Repeat each line of the listing exactly as written.

+++ Dataset +++

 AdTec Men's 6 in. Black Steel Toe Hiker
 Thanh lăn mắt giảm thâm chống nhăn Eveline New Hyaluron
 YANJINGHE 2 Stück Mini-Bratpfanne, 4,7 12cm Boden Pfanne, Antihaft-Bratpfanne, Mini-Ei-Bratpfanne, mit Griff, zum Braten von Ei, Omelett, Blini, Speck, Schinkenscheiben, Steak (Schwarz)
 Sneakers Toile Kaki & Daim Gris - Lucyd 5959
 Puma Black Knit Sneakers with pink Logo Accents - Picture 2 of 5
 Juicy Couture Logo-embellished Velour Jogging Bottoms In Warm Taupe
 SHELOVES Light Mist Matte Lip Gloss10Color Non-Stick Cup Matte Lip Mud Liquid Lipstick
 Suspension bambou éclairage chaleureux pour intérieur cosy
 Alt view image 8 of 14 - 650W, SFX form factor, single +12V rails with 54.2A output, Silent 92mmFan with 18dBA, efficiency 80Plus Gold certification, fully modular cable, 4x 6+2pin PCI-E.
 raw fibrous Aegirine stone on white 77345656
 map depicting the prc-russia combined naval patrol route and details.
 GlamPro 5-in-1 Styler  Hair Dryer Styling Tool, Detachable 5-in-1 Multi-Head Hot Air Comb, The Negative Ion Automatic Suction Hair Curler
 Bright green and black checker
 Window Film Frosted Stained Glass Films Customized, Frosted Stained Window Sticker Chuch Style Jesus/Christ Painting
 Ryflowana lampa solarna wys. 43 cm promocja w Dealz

+++

Result of this exercise>
 AdTec Men's 6 in. Black Steel Toe Hiker
 Thanh lăn mắt giảm thâm chống nhăn Eveline New Hyaluron
 YANJINGHE 2 Stück Mini-Bratpfanne, 4,7 12cm Boden Pfanne, Antihaft-Bratpfanne, Mini-Ei-Bratpfanne, mit Griff, zum Braten von Ei, Omelett, Blini, Speck, Schinkenscheiben, Steak (Schwarz)
 Sneakers Toile Kaki & Daim Gris - Lucyd 5959
 Puma Black Knit Sneakers with pink Logo Accents - Picture 2 of 5
 Juicy Couture Logo-embellished Velour Jogging Bottoms In Warm Taupe
 SHELOVES Light Mist Matte Lip Gloss10Color Non-Stick Cup Matte Lip Mud Liquid Lipstick
 Suspension bambou éclairage chaleureux pour intérieur cosy
 Alt view image 8 of 14 - 650W, SFX form factor, single +12V rails with 54.2A output, Silent 92mmFan with 18dBA, efficiency 80Plus Gold certification, fully modular cable, 4x 6+2pin PCI-E.
 raw fibrous Aegirine stone on white 77345656
 map depicting the prc-russia combined naval patrol route and details.
 GlamPro 5-in-1 Styler  Hair Dryer Styling Tool, Detachable 5-in-1 Multi-Head Hot Air Comb, The Negative Ion Automatic Suction Hair Curler
 Bright green and black checker
 Window Film Frosted Stained Glass Films Customized, Frosted Stained Window Sticker Chuch Style Jesus/Christ Painting
 Ryflowana lampa solarna wys. 43 cm promocja w Dealz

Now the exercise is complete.